What needs transcribing is the line with "Hi, this is" and every line after it to the end of the records, exactly and alone, with no pictures.

> AVAILABLE DATA:
>>>>>

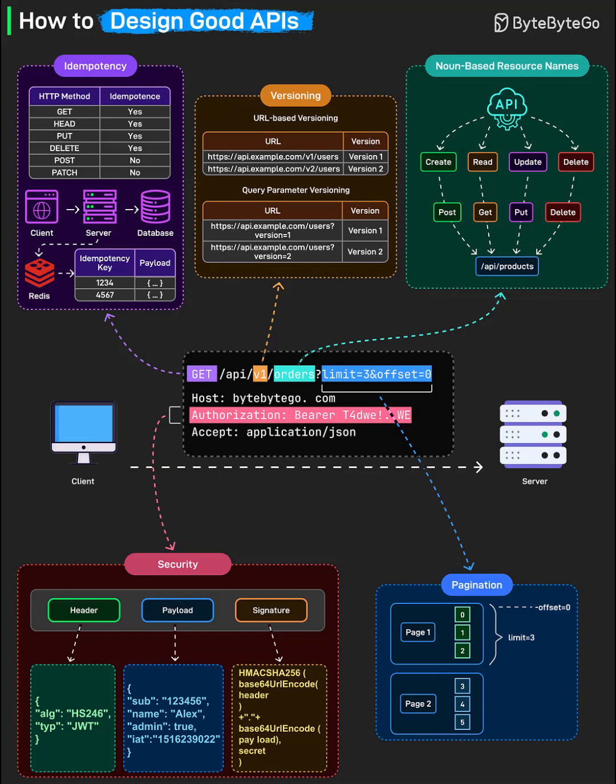Moving on, let's talk about pagination. If your API deals with large data sets, don't send everything at once. Use pagination with query parameters like limit and offset to split results into manageable chunks. For instance, GET /api/v1/orders?limit=3&offset=0 fetches just three items, allowing clients to load more as needed. This keeps applications responsive and avoids overwhelming users and services.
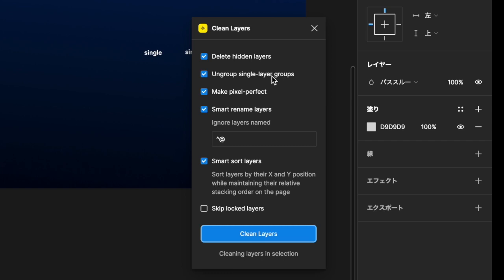Delete Hidden Layers removes hidden layers. Ungroup Single Layer Groups ungroups groups with only one content. Make Pixel Perfect fixes the X and Y coordinates and size of the layers in the selection or on the current page to the nearest integer value, making them integer values.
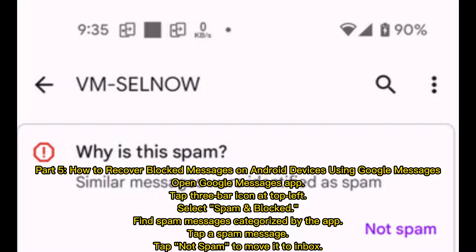Part 5 – How to recover blocked messages on Android devices using Google Messages. Open the Google Messages app, tap the 3-bar icon at the top left, and select Spam and Blocked. Find spam messages categorized by the app, tap a spam message, then tap Not Spam to move it to your Inbox.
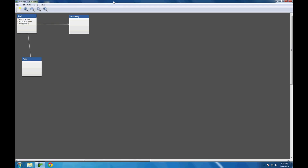Welcome to the second Twine tutorial video. In this video I'm going to cover choices, variables, and simple if-else conditional statements.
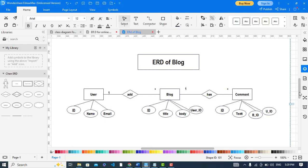Let's move to the attributes of comment. Comment has ID which is the primary key, the text, and the blog ID on which blog this comment is done, and also the user ID which user did it.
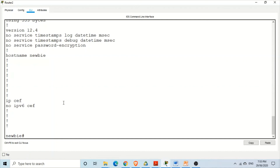You can practice this by yourself — it will be very helpful for you. You should practice it. That's it for today. Thank you very much.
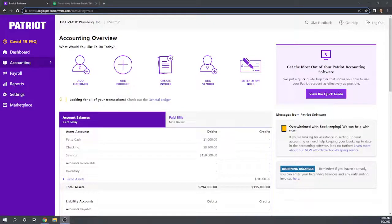Hi, this is Tim Yoder with Fit Small Business. Today I'll be evaluating the Patriot accounting software for the Fit Small Business case study chapter 3, which deals with accounts receivable. So let's get started.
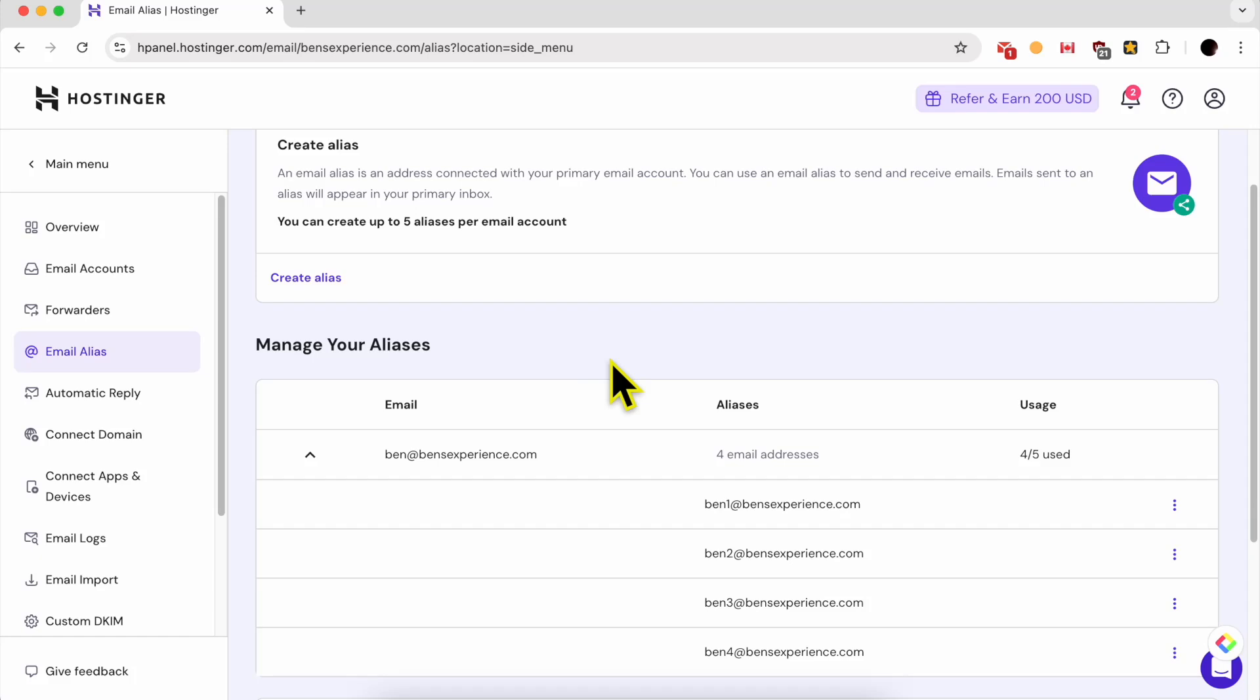Hey everyone, welcome to Ben's Experience. In this video, I will share with you how to create an email alias in Hostinger.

<<<<<

> ANSWER SPACE:
Hi, this is Tim Yoder with Fit Small Business. Today I'll be evaluating the Patriot accounting software for the Fit Small Business case study chapter 3, which deals with accounts receivable. So let's get started.
Hey everyone, welcome to Ben's Experience. In this video, I will share with you how to create an email alias in Hostinger.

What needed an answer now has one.